Work task: From the data, return each line holding the word "Golden".

** Opening Data in this exercise block **

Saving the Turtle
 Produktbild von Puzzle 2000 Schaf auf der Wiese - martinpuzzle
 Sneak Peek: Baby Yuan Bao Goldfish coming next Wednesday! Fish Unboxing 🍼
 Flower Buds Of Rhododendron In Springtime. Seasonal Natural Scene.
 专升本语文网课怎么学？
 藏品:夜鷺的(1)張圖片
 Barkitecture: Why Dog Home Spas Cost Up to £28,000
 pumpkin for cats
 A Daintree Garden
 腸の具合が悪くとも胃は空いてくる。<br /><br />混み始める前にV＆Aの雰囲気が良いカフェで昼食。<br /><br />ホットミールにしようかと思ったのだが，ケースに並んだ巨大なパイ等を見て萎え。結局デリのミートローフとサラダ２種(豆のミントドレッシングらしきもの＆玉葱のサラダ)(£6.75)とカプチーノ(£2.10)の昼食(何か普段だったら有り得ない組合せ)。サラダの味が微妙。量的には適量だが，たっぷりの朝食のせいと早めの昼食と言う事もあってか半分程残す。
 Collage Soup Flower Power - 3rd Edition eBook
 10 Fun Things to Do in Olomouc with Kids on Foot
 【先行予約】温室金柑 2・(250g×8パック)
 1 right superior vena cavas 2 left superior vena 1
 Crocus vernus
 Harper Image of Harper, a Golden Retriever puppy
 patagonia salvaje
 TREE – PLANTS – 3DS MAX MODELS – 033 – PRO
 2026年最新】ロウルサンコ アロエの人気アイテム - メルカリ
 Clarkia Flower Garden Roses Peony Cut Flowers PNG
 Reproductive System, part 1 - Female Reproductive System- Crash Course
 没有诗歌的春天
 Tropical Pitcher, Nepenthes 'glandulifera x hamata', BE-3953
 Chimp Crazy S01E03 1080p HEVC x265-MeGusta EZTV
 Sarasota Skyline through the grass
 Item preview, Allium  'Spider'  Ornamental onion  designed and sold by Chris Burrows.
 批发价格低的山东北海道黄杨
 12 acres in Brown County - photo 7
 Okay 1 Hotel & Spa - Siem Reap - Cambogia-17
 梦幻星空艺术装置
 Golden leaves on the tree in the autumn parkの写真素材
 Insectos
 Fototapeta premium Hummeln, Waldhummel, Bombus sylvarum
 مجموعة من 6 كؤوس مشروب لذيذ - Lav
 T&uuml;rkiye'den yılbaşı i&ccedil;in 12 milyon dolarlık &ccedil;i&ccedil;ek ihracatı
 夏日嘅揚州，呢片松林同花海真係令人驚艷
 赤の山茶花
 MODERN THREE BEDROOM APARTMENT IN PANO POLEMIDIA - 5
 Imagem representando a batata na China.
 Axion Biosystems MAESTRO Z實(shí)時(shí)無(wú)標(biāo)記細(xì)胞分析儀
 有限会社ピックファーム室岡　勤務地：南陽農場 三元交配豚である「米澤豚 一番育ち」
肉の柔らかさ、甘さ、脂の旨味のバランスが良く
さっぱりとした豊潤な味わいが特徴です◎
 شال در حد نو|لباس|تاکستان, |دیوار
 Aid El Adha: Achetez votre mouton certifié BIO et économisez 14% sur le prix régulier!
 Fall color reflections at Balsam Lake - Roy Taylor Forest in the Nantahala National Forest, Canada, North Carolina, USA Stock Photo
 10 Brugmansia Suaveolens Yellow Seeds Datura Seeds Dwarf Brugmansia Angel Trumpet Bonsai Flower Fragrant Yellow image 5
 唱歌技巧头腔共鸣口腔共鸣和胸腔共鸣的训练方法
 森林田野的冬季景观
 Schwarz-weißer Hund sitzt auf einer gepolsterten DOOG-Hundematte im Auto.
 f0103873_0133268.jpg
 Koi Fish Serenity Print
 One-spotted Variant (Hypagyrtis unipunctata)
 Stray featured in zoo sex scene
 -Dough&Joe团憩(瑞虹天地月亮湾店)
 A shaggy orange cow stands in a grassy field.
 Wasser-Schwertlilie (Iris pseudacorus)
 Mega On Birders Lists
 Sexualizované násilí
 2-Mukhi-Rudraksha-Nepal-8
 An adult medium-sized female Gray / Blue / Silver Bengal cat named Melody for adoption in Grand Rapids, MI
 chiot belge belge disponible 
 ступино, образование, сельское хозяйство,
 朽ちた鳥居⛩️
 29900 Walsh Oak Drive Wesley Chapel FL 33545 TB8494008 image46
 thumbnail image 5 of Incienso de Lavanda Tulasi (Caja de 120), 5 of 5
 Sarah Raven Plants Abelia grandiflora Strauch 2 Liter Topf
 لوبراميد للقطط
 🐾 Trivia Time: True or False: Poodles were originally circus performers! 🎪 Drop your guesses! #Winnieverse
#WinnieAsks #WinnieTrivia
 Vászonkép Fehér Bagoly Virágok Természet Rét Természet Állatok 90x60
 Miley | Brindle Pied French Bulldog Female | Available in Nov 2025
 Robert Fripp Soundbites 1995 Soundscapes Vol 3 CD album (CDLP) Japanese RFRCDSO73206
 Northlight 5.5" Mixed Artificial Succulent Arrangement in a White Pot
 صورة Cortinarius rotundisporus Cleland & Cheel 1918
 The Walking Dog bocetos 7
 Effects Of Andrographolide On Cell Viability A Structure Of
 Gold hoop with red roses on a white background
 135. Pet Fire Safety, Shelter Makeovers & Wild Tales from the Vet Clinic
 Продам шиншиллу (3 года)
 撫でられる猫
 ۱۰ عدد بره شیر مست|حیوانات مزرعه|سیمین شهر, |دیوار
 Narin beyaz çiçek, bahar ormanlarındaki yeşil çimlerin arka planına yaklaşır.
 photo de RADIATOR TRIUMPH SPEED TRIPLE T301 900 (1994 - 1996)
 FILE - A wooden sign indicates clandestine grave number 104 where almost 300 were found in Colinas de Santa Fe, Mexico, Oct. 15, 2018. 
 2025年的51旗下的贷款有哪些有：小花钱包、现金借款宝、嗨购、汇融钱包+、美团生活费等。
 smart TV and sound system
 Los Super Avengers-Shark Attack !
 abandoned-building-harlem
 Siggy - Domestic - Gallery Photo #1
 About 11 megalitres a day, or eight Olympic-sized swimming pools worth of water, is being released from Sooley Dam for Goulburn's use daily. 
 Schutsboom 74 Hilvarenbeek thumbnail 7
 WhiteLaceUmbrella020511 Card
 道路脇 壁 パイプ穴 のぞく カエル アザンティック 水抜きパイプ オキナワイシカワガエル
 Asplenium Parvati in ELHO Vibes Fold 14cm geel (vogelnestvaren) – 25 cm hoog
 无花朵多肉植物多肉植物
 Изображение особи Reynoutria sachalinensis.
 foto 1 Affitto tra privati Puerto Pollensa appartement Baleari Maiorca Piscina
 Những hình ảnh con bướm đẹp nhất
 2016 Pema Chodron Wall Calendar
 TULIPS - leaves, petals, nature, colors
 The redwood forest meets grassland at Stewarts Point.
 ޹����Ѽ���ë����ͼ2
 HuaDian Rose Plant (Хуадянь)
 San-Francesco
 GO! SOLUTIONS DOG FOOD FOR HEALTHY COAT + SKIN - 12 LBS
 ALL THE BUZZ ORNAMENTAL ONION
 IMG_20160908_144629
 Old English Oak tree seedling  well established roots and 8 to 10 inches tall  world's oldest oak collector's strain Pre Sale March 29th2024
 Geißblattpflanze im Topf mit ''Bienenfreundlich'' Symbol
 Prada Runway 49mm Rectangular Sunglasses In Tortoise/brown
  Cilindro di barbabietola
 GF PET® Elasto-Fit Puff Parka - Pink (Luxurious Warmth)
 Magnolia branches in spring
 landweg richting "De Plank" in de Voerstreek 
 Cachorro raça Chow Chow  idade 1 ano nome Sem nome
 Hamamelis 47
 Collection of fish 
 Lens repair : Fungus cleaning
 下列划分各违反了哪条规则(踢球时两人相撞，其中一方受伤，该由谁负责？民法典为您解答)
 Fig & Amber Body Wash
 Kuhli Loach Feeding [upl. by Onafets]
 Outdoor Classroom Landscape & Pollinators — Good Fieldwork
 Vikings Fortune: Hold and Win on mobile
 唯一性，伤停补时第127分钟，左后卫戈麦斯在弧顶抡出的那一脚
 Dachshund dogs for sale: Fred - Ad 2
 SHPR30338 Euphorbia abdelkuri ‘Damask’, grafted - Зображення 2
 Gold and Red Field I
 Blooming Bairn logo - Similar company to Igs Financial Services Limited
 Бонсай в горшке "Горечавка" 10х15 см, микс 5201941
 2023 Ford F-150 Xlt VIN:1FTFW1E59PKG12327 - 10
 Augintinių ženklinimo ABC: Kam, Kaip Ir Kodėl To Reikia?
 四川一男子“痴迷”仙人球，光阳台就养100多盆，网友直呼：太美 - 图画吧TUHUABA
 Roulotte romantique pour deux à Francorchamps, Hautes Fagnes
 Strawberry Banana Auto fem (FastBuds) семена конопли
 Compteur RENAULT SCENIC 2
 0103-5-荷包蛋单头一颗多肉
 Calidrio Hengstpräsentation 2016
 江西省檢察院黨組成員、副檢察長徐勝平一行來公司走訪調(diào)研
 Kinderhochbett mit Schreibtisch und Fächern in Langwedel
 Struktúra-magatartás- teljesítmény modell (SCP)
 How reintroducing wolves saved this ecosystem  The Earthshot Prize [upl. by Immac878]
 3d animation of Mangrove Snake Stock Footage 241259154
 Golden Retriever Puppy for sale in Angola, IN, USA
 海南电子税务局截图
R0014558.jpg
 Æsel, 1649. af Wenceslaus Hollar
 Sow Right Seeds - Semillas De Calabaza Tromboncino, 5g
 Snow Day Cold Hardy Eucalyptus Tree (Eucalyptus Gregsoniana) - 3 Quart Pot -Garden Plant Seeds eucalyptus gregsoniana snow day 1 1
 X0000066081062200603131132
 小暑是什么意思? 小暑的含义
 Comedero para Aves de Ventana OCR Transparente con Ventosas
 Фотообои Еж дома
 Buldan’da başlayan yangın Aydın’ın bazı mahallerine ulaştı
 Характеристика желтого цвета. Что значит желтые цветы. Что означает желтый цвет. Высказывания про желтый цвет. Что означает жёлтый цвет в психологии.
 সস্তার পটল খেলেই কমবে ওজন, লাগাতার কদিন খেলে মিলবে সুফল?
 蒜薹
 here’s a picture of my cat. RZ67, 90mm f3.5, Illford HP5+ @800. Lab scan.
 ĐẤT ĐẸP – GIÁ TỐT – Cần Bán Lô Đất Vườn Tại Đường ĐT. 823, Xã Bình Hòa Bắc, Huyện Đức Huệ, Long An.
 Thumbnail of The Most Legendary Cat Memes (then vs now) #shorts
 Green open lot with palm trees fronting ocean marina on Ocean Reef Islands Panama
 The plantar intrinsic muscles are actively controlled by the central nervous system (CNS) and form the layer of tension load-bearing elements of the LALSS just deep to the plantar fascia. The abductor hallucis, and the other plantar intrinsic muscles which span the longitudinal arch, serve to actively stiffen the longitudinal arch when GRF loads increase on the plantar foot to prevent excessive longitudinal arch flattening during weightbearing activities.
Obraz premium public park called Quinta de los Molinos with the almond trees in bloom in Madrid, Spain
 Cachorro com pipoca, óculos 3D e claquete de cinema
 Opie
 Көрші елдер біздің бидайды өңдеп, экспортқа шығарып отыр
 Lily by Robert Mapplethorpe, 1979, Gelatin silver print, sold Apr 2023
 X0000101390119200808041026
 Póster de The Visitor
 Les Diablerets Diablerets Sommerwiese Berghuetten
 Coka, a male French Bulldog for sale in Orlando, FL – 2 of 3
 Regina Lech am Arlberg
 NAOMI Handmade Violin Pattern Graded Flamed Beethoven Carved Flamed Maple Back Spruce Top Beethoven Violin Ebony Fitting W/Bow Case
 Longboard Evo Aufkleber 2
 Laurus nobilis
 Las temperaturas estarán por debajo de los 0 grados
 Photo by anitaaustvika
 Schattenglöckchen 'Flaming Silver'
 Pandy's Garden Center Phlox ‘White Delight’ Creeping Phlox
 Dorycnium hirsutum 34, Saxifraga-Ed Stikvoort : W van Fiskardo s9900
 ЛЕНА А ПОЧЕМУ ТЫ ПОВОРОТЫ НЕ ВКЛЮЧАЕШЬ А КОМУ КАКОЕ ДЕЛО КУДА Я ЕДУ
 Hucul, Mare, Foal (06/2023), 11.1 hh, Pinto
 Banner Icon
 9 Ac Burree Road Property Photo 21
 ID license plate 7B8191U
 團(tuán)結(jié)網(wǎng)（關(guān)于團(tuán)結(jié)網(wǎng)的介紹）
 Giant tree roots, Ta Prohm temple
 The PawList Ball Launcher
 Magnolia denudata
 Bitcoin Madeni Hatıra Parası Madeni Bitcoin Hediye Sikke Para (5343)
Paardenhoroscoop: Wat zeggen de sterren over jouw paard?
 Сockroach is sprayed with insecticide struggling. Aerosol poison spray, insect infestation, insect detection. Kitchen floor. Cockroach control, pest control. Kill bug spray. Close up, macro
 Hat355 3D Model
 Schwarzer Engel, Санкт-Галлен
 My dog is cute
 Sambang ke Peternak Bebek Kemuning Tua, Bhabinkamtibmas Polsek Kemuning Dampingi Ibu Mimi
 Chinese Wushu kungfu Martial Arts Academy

** Closing Data in this exercise block **

Written solution:
 Harper Image of Harper, a Golden Retriever puppy
 Golden leaves on the tree in the autumn parkの写真素材
 Golden Retriever Puppy for sale in Angola, IN, USA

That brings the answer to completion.